TASK TO CARRY OUT » For each line of the listing that contains "auxílio", make a copy and return it.
*** Opening of PROVIDED ENTRIES ***
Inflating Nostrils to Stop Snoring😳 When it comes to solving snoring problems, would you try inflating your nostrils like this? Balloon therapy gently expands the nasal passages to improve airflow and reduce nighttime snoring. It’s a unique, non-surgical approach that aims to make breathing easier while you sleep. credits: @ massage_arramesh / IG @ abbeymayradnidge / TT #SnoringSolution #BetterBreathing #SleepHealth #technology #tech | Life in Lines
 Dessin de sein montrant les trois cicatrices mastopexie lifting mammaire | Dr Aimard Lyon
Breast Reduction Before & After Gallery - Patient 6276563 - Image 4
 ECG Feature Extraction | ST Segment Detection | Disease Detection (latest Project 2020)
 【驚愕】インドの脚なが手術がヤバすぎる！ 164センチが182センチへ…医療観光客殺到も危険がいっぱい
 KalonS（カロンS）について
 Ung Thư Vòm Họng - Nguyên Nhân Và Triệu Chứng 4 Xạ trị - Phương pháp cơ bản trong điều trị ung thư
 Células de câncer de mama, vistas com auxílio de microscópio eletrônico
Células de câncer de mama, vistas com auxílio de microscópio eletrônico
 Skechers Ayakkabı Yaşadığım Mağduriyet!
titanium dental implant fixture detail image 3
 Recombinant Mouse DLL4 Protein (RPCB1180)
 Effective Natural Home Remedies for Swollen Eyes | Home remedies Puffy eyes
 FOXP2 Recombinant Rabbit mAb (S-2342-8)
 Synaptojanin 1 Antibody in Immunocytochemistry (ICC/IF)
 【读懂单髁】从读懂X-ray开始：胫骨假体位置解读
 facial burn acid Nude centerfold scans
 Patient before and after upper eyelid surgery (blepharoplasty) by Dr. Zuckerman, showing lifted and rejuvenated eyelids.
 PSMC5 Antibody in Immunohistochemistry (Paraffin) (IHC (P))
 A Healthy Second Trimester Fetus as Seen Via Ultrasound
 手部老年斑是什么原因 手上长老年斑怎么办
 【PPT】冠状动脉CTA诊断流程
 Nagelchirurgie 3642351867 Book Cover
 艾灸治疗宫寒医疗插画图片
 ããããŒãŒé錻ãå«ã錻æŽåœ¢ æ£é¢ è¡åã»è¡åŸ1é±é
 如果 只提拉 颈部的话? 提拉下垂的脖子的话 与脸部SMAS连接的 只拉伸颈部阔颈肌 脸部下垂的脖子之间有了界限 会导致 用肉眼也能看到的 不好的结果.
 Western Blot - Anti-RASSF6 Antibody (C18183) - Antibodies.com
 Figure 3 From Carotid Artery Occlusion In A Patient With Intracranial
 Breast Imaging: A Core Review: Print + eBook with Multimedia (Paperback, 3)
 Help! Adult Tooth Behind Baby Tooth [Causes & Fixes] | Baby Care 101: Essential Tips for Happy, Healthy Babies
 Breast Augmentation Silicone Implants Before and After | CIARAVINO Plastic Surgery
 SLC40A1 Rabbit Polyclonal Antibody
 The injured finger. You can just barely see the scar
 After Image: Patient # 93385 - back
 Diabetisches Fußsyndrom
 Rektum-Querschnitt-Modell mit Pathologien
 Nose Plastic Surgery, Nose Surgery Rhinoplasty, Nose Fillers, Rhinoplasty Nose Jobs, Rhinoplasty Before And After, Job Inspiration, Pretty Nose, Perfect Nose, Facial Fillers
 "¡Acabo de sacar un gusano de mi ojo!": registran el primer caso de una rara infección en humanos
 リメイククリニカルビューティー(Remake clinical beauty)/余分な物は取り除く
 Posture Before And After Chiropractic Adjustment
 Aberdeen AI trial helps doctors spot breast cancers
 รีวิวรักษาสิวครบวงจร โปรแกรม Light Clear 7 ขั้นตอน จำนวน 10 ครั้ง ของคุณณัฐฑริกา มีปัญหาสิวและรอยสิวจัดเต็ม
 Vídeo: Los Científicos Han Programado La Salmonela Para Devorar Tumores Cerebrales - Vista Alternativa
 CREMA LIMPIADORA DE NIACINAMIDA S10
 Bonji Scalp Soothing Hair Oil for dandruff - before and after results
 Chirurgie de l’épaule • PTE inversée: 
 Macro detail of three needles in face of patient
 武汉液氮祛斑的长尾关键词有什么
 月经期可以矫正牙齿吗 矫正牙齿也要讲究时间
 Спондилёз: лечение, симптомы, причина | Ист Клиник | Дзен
*** Close of PROVIDED ENTRIES ***
SOLUTION TO THIS TASK »
 Células de câncer de mama, vistas com auxílio de microscópio eletrônico
Células de câncer de mama, vistas com auxílio de microscópio eletrônico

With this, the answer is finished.